EXERCISE -> While leaving the pictures out, set down only the lines from the one with "2014 Hyster 4,000" through the end of the records, exactly as they stand.

═════ DATA FOR THE TASK

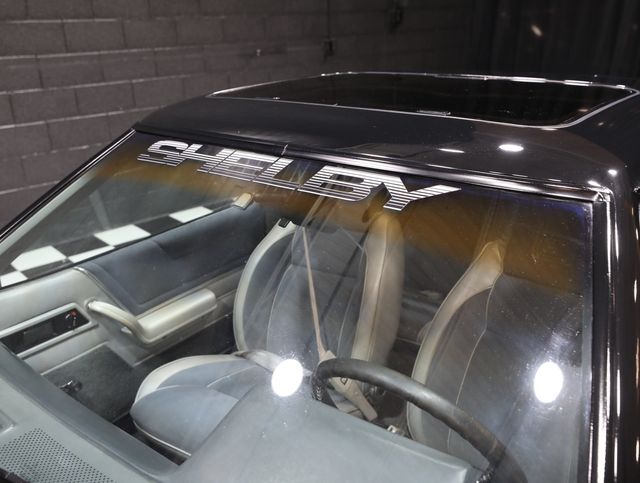 1987 Dodge Charger Shelby Turbo - 5 SPEED - 1 OF 1000 BUILT- RARE - 23025268 - 34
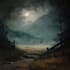 mystical horror dark environment concept art or landscape
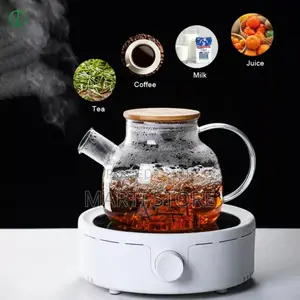 Borosilicate Glass Tea Pot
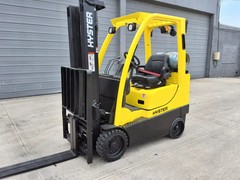 2014 Hyster 4,000 lb LP Forklift | 189″ Mast | Side Shift | Ready to Work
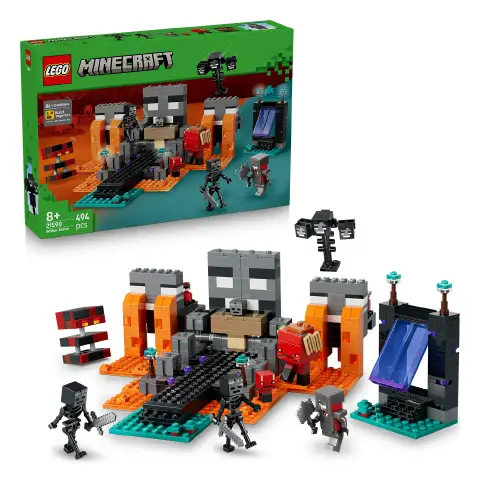 LEGO Minecraft 21590 Battaglia contro il Wither Giocattolo 8+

══════════

YOUR RESPONSE ->
 2014 Hyster 4,000 lb LP Forklift | 189″ Mast | Side Shift | Ready to Work
 LEGO Minecraft 21590 Battaglia contro il Wither Giocattolo 8+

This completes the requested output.